Hospital steroid stickers: 
We put one of these on the front page of my hospital notes. So, everyone knew I needed continuous steroid cover. Without fail, every nurse who cared for me asked what would happen if I didn’t get my steroids! And I was in hospital for three days, so that was a fair number of different staff who didn’t know.

Patient advocate: 
I was so wiped out by it all that I needed someone else who knew about my condition to speak on my behalf and to alert busy staff to the need for more IV hydrocortisone when I started dipping into auto-consciousness. Fortunately, I had my parents with me.

My own medication: 
I keep a selection of all my different drugs in a make-up bag, so it’s discrete and easy to pick up and go. I retained this with me throughout my hospital stay, failing to admit to its presence when it was suggested in A&E that I might want to handover any drugs I had brought with me. When I was later transferred to a ward, and was no longer on IV hydrocortisone, this proved useful as some of my drugs are special order and not regularly stocked in hospital pharmacies.

Lovely, caring people: 
Every single person who was involved in my care was lovely, no matter how busy or tired they were. They were willing to listen to us, and the ADSHG made their job easier by providing online guidance that is clear and authoritative, for ambulance, medical and nursing staff to follow.

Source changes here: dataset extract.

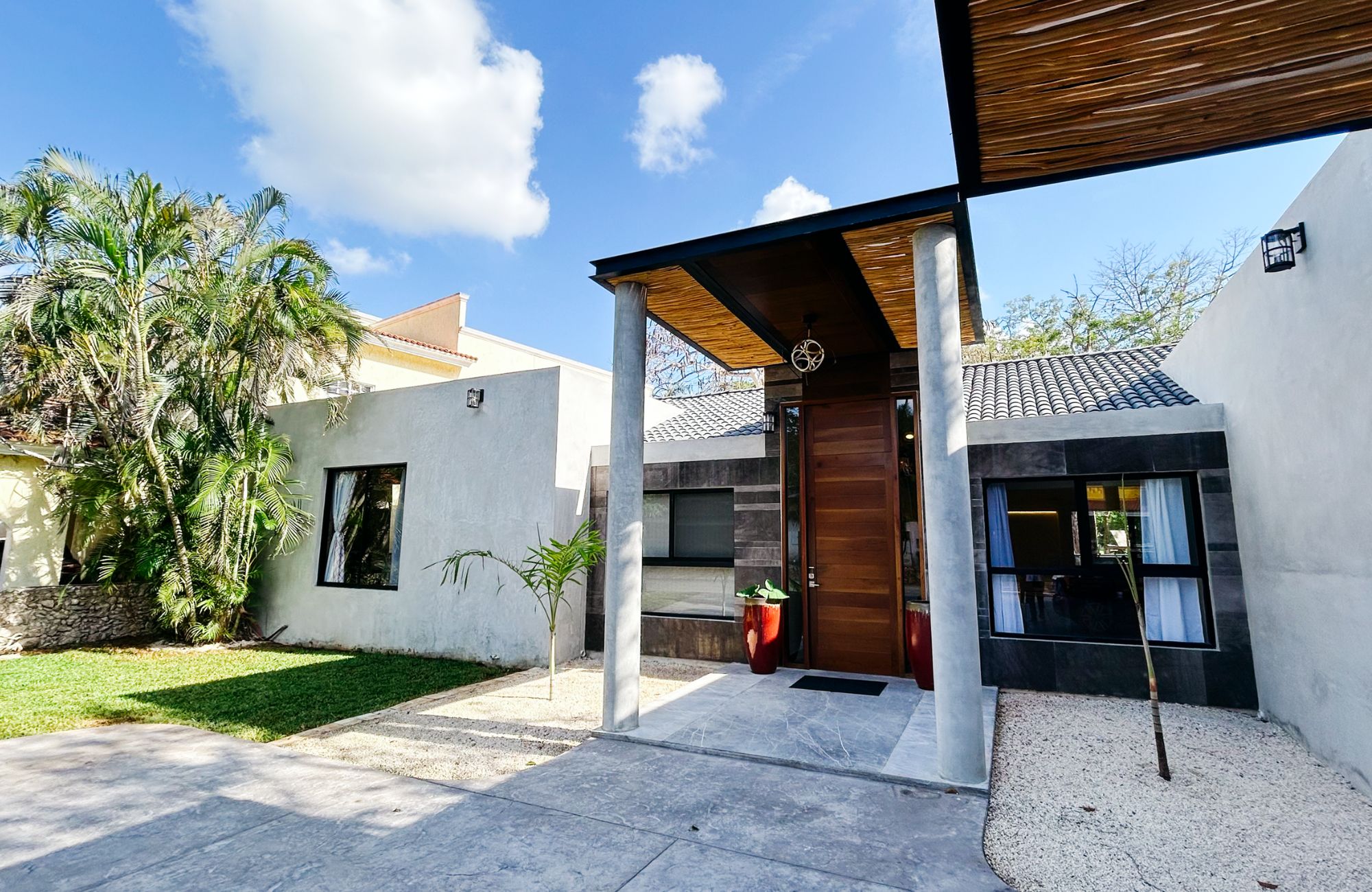 House with Private Pool and Lobby, for Sale, Yucatan Country Club, M&eacute;rida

The whole thing was still horrible and scary, but having the knowledge and resources to guide those in authority through the situation, gave me and my family control and meant I received the care I needed. Having the information printed and with me when in hospital was vital. I’ve had Addison’s since I was 16 and in the seven years since then, I have had multiple crises. This was my longest stay in hospital and my best managed episode. I really feel like I’ve learnt a lot even though I thought I was prepared before!

Thanks, ADSHG, for giving me the knowledge to be an ‘expert patient’!